If, a hundred years from now, scholarly scholars wrote a scholarly essay about The Most Significant Video Games or whatever, Deus Ex would almost certainly be on there.  It was an astonishing leap forward in game complexity and sophistication, to the point where it impressed me when I first played it eight years after it came out.

   The basic idea of a complex RPG presented in the style of an FPS wasn’t a new one, but this particular combination of acronyms really pushed all the boundaries at once.  Level of detail, complexity of plot, freedom of choice on the part of the player, sophistication of AI characters – all ratcheted up to new levels like a mad scientist flipping all the levers at once while cackling “MORE POWER!  AHAHAHAHA!”

   The basic scenario saw you plopped into the boots of nanotechnologically-augmented UN special agent JC Denton in the near-ish future, a cyberpunk world going down the shitter in general and more specifically rocked by a lethal plague, the “Grey Death”.  Initially sent after a shipment of hijacked antidote, you start to hear rumours that the plague is human-made and your bosses are deliberately withholding the cure, so go rogue to learn the truth.  And so begins a twisting tale that’s a conspiracy nut’s dream, with just about every classic theory crammed in – the Illuminati, the Knights Templar, men in black, and a climax, somewhat inevitably, inside Area 51.  (The game’s creator, Warren Spector, has noted that the mood of the times the game was made affected him, and he “got obsessed with this sort of millennial weirdness” that resulted in the Conspiracy Kitchen Sink plot.)
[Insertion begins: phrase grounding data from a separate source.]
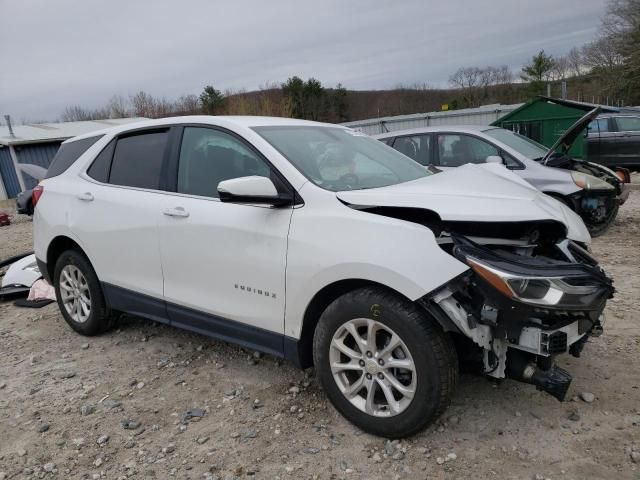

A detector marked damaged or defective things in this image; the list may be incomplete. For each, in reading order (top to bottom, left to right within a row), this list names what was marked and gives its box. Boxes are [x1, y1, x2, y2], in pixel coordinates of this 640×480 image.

damaged vehicle nearby [376, 108, 632, 236]
cracked headlight [568, 171, 616, 189]
damaged vehicle nearby [35, 117, 616, 438]
front-end collision damage [418, 232, 612, 402]
cracked headlight [464, 258, 604, 308]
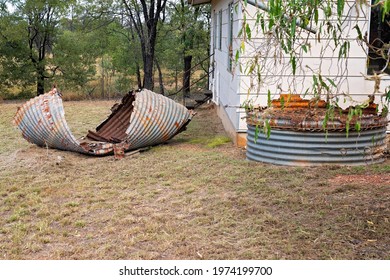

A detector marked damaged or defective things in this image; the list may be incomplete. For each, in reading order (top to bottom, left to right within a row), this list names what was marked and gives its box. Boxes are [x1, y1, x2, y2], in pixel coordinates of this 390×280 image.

corrugated iron crumpled end [13, 87, 193, 158]
rusty corrugated iron [13, 88, 193, 158]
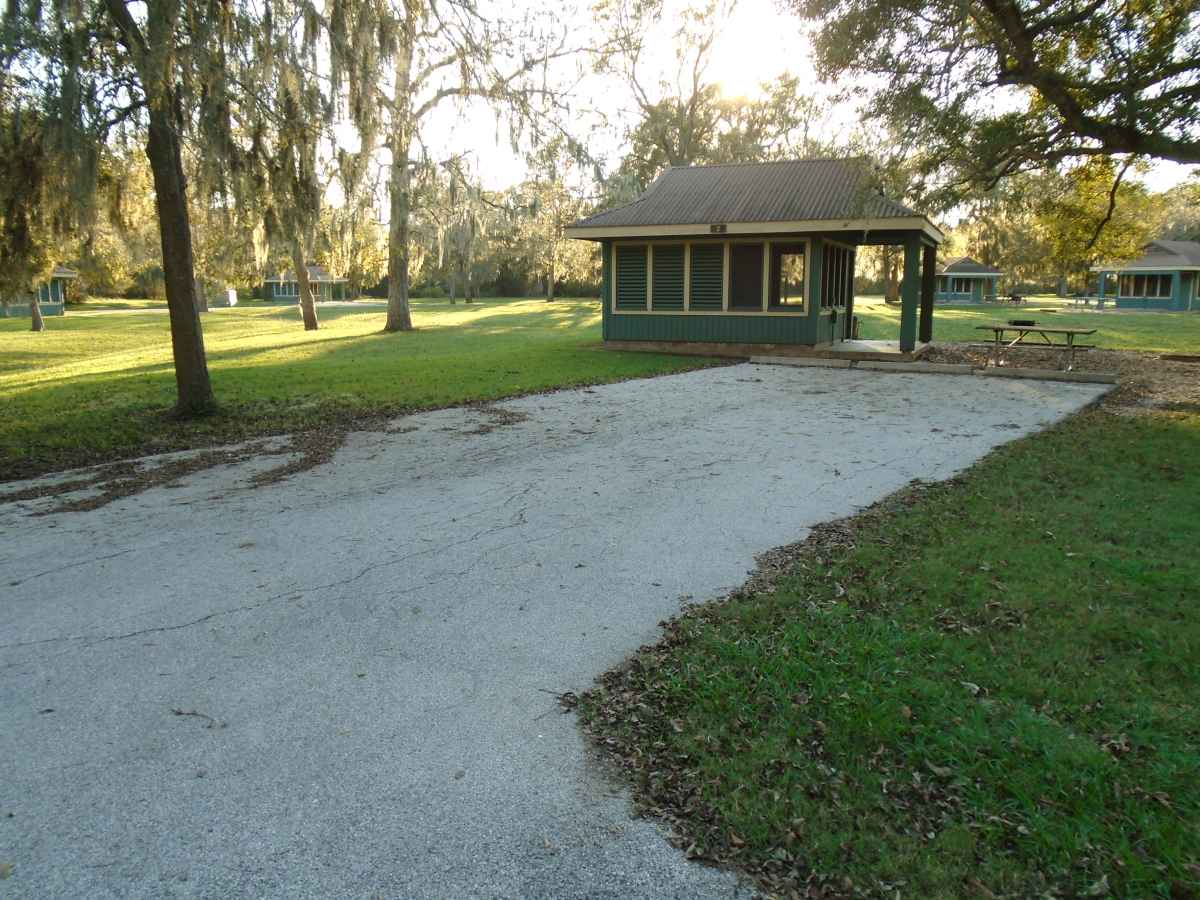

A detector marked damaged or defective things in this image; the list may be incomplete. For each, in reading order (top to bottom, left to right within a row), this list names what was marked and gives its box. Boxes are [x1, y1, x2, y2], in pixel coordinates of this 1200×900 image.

cracked concrete surface [0, 362, 1104, 897]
   The various tasks you carry out in this setting generally fall under the classic stealth game aims: assassinate this guy, steal that document, etcetera.  What’s important about Deus Ex is that it was one of the first games to really let players make their own way.  While stealthy-stealthy was obviously the primary method, you could blast your way through with an intelligently chosen layout.  People could be killed or avoided – picking doors and hacking computers usually paid dividends.  This choice was highlighted by choosing which of JC’s nanotech doodads to upgrade.  Give him a super jump, or better lungs so he could hold his breath underwater longer?  Improve his nightvision, or strengthen his arms so he can carry more stuff and beat up people more effectively?  It was all in service of exploring the beautifully designed gameworld, the sort you can really get lost in – and Ion Storm wanted you to get lost.  There were all sorts of things to distract you, from the little descriptions of items (the chocolate bars appear to be made partly out of dead people), to bits of conspiracy classic The Man Who Was Thursday to read, to, well...at the home base, you can go into the women’s bathroom.  Your boss’s secretary is in there, and she’ll yell at you.  And if you did that, later on your boss will tell you off.  And it serves no purpose, other than to entertain and help flesh out the world.  Amazing.

   It’s an astonishing game, intelligent and exciting, absorbing and thought-provoking.  And the best bit?  The only version I’ve played is the PS2 port, which is apparently the runt of the litter.  Heaven knows how good the PC original was.
MAGIC MOMENT: at the beginning of the game, you enter your real name, the idea being that “JC Denton” is just a pseudonym.  I tend to play big games at a very relaxed pace, going months between periods of playing them.  (I think it took me about four years to get round to finishing this one.)  After you defect from the UN, there’s a scene in your brother’s apartment where you can read a newspaper article about your going rogue.  Because it was a while since I’d initially started playing the game, I’d forgotten that I’d put in my real name at the beginning, and freaked the fuck out when the paper read “...rogue agent Sam Bridgett, a.k.a. JC  Denton”.  I genuinely spent about twenty seconds trying to work out how the hell the game knew my real name.